- Born: 24 November 1937 (age 88) Franklin, Virginia, US
- Education: Sweet Briar College; Union Theological Seminary;
- Religion: Christianity (Anglican)
- Church: Episcopal Church
- Ordained: 1975 (deacon); 1977 (priest);
- Writings: The Crucifixion (2015)
- Website: generousorthodoxy.org

= Fleming Rutledge =

American Episcopal priest and author (born 1937)

Alice Fleming Rutledge (née Parker) (born November 24, 1937), known as Fleming Rutledge, is an American Episcopal priest and author. Ordained to the diaconate in 1975, she was one of the first women to be ordained to the priesthood in the Episcopal Church.
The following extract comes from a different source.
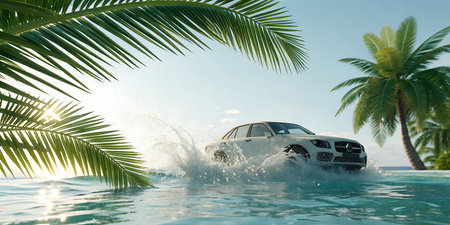Car in swimming pool with palm trees and sea background. 3d renderの素材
Rutledge is widely recognized in the United States, in Canada, and in the UK as a preacher and lecturer who teaches other preachers. Her particular expertise is the intersection of biblical theology with contemporary culture, current events and politics, literature, music and art. She has often been invited to preach in prominent pulpits. She is a noted Tolkien scholar, bringing a Christian perspective to the study of the writings of J. R. R. Tolkien, who was a devout Roman Catholic.

== Family and education ==

Rutledge was born Alice Fleming Parker on November 24, 1937, in Richmond, Virginia. She graduated from Sweet Briar College in 1959 magna cum laude with highest honors in English and was elected to Phi Beta Kappa. She received her Master of Divinity degree from Union Theological Seminary in New York in 1975. She was awarded an honorary Doctor of Divinity degree from Virginia Theological Seminary in May 1999.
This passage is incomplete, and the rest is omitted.